Together let’s shape new guidance for humanitarian evaluation

28 September 2023

Together let’s shape new guidance for humanitarian evaluation

Promotional image which reads Take the survey, #Shape the Guidance

ALNAP is updating its guidance on the OECD DAC Evaluation Criteria. Initial research will inform wider consultation through events and an online survey. We want to hear from you. 

In 2006, ALNAP published Evaluating humanitarian action using the OECD DAC Criteria, an ALNAP guide for humanitarian agencies, the most comprehensive guidance on the OECD DAC criteria’s use in humanitarian evaluations.  

ALNAP’s guidance is now 17 years old and is in need of a refresh. 

The OECD DAC evaluation criteria 

The OECD DAC evaluation criteria are the pre-eminent criteria for evaluating development and humanitarian assistance. Updated by the OECD DAC in 2019, the revised criteria are: effectiveness, relevance, efficiency, impact, sustainability and coherence. ALNAP and humanitarian actors add the criteria of coverage and connectedness (which replaces sustainability).  

The criteria are broadly used in humanitarian evaluations, contributing to the sector’s ability to improve the quality of evaluation and compare findings across evaluations.  

As they are widely applied, the OECD DAC criteria make evaluation synthesis easier, helping to capture achievements and common challenges in humanitarian action and making it easier for evaluators across the globe to work together.  

There is, however, a lively debate regarding many aspects of the criteria. They have been subject to criticisms, including the criteria not enabling the evaluation of transformational change and an insufficient focus on gender, equity or human rights concerns. 

Other common issues include:  

  • Positionality: the criteria do not take into account whose perspective is used in defining the evaluative questions and who conducts the evaluation. This is related to calls for the decolonisation of evaluation.  
  • The need for more guidance to improve standardisation, while maintaining flexibility in application.  
  • The variable utility and application of the criteria, which depends on the type of programme, organisation and evaluation purpose.  
Time for a refresh 

The endurance of the OECD DAC criteria and having a common framework for evaluating and understanding performance in the humanitarian sector, are both reasons to ensure there is adequate guidance for humanitarian practitioners in using them.  

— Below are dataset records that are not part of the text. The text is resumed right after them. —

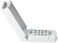 Genie GUK-R Wireless Universal Garage Door Opener Keypad, Compatible with LiftMaster, Chamberlain, Genie, Craftsman and More.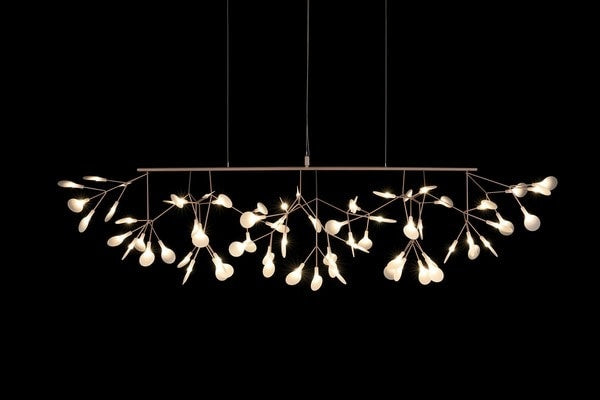 Moooi hanglamp Heracleum III linear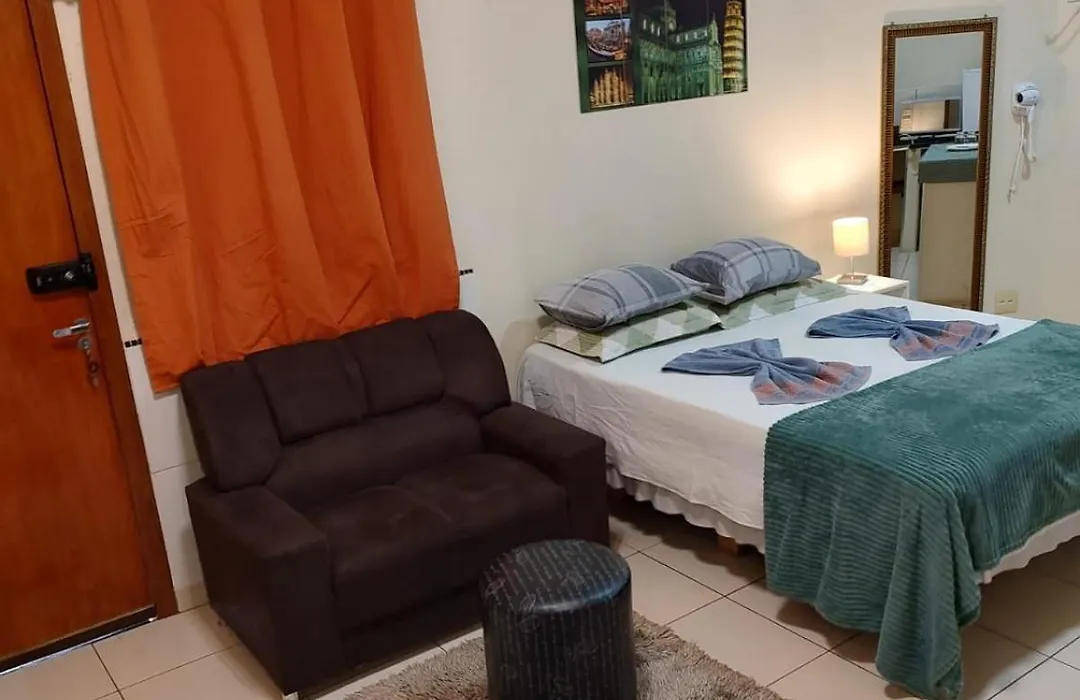 Pousada Tamandare-1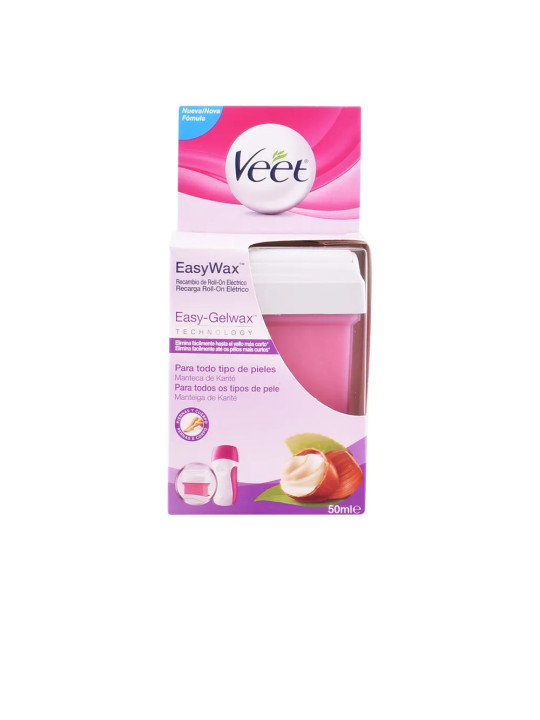 Veet Recharge EasyWax Bras et Jambes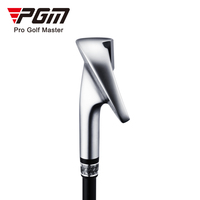 PGM MTG036 + Clubs de golf pour droitier personnalisés Ensemble de fer forgé CNC pour hommes avec une excellente dextérité pour les amateurs de golf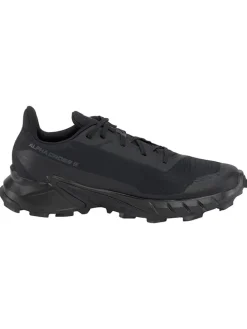 Trailrunningschuhe "Alphacross 5" in Schwarz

Contemporary critiques, changes in concepts, topical issues and language over time, and the varied application of the criteria in practice, suggest updated and additional guidance focused on their application in humanitarian contexts is needed.  

Initial findings  

In the ongoing process of updating ALNAP’s guidance, key questions have included: What are the main challenges and issues in applying the criteria? What can we learn from examining these challenges? How can we use this learning to improve existing guidance?  

To help answer these questions, ALNAP has commissioned a literature review. The findings of the review are captured in this summary brief, covering each of the seven OECD DAC criteria, as defined in ALNAP’s 2006 guide, and examining cross-cutting issues and potential additional criteria. Each section includes definitions, a summary of key issues and questions for further exploration.  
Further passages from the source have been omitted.